SIGNS SYMPTOMS OF CEREBRAL MALARIA

• impaired consciousness
• delirium
• focal and generalized convulsions
• Mild neck stiffness may be seen
• Retinal haemorrhages occur in about 15% of cases
• dysconjugate gaze, are observed
• Fixed jaw closure and tooth grinding (bruxism) are common.
• Pouting may occur or a pout reflex may be ellicitable
• decerebrate and decorticate rigidity.

INVESTIGATIONS

Lumbar puncture and CSF analysis may have to be done in all doubtful cases and to rule out associated meningitis. In malaria, CSF pressure is normal to elevated, fluid is clear and WBCs are fewer than 10/µl; protein and lactic acid levels are elevated.

EEG may show non-specific abnormalities. CT scan of the brain is usually normal.

MANAGEMENT

1. Nursing care: Meticulous nursing is the most important aspect of management in these patients.

• Maintain a clear airway. In cases of prolonged, deep coma, endotracheal intubation may be indicated.
• Turn the patient every two hours.
• Avoid soiled and wet beds.
• Comatose patients should be placed in a semirecumbent position to reduce the risk for aspiration.
• Naso-gastric aspiration to prevent aspiration pneumonia.
• Maintain strict intake/output record. Observe for high coloured or black urine.
• Monitor vital signs every 4-6 hours.
• Changes in levels of sensorium, occurrence of convulsions should also be observed.
• If the temperature is above 39⁰ C, tepid sponging and fanning must be done.
• Serum sodium concentration, arterial carbon dioxide tension, blood glucose, and arterial lactate concentration should be monitored frequently.

2. Urethral catheter can be inserted for monitoring urine output.
3. Seizures should be treated promptly with anticonvulsants, but their prophylactic use is still in dispute.[1] Diazepam by slow intravenous injection, (0.15 mg/kg, maximum of 10 mg), or intrarectally (0.5-1.0 mg/kg), or intramuscular paraldehyde are the drugs of choice.
4. Do not administer the following: Corticosteroids; other anti inflammatory drugs; anti oedema drugs like mannitol, urea, invert sugar; low molecular weight dextran; adrenaline; heparin; pentoxifylline; hyperbaric oxygen; ciclosporin etc. The efficacy of hypertonic mannitol in treatment of cerebral edema is not proven. Therapy with monoclonal antibodies against TNF-a shortens the duration of fever, but has no impact on mortality in patients with severe and complicated malaria, and may increase morbidity due to neurologic sequelae.

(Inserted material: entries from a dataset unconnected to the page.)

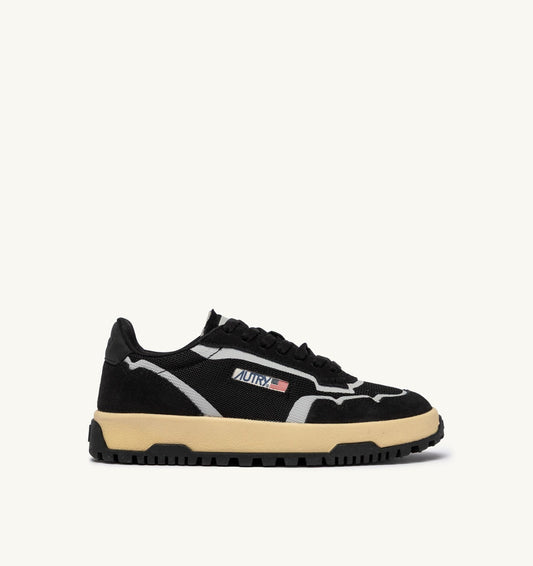AUTRY Man WILDPACE LOW SNEAKERS IN BLACK DRAGON MESH AND SUEDE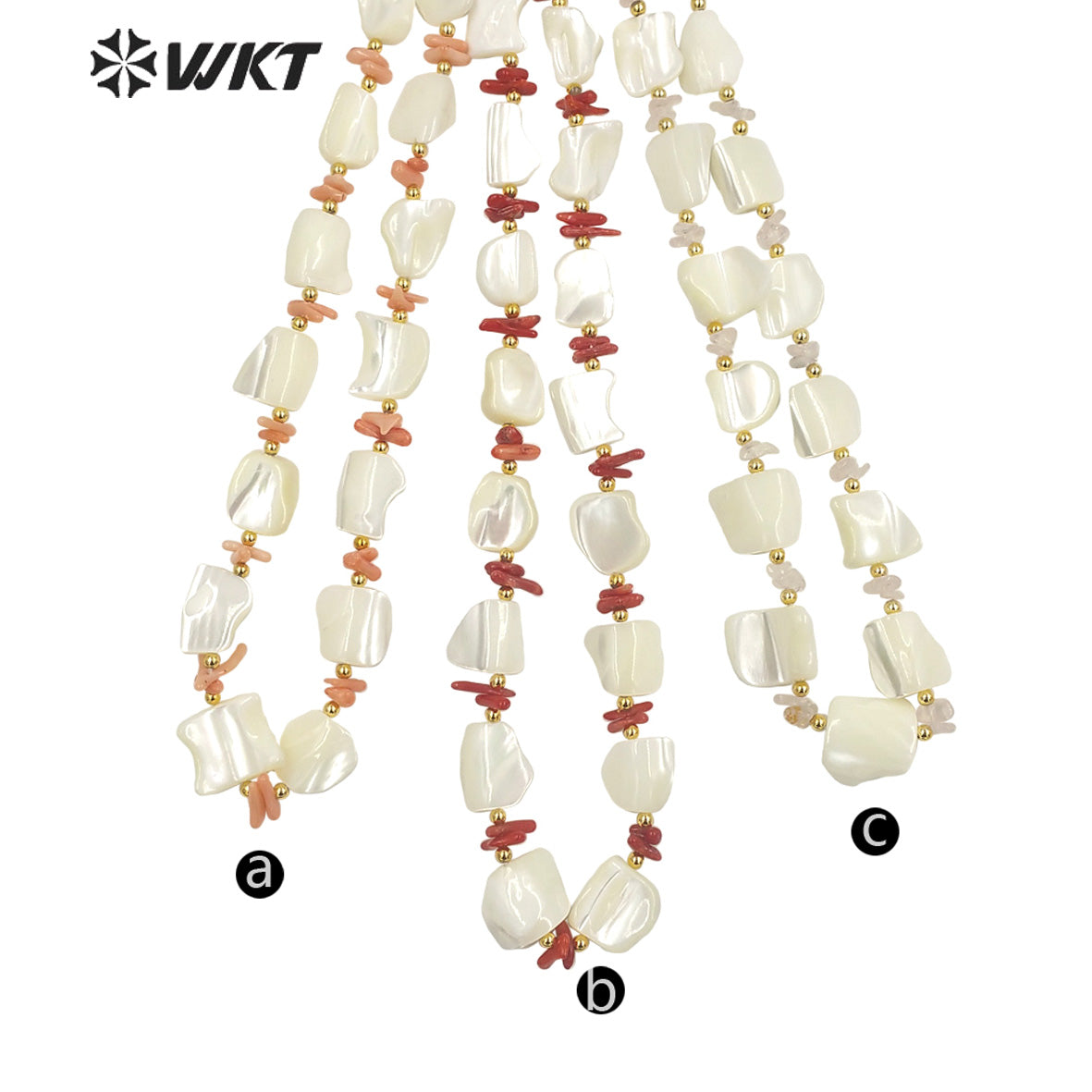 WT-JN228 Vintage Style Summer Boho White Shell Space Beads Necklace Women Handmade Strand Shell Necklace for Girl Friend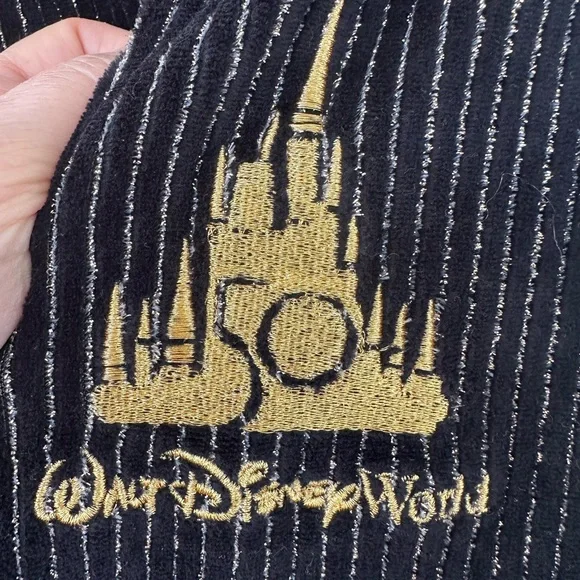 Disney Park Joggers Corduroy 50th Anniversary Spirit Black Gold Castle XXL - Picture 2 of 8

Although corticosteroids were used in the past to treat patients with cerebral malaria, a controlled trial has shown that they are harmful. Those who received dexamethasone had a longer duration of coma and worse outcome than did patients who received antimalarial chemotherapy alone. Results of studies of antipyretics, pentoxifylline, hyperimmune serum, and iron chelators (deferoxamine) have shown no effect on outcome.[1]
5. Antimalarial treatment: Parenteral Quinine has been traditionally the treatment of choice for cerebral malaria. Artemisinin derivatives have been proved to be equally, if not more, effective in treating cerebral malaria.

PROGNOSIS

Cerebral malaria carries a mortality of around 20% in adults and 15% in children. Residual deficits are unusual in adults (<3%). About 10% of the children (particularly those with recurrent hypoglycemia, severe anemia, repeated seizures and deep coma), who survive cerebral malaria may have persistent neurological deficits.

References:

1. Andrej Trampuz, Matjaz Jereb, Igor Muzlovic, Rajesh M Prabhu. Clinical review: Severe malaria Critical Care 2003;7:315-323
2. Guidelines for the treatment of malaria. World Health Organization. Geneva, 2006. pp 41-61.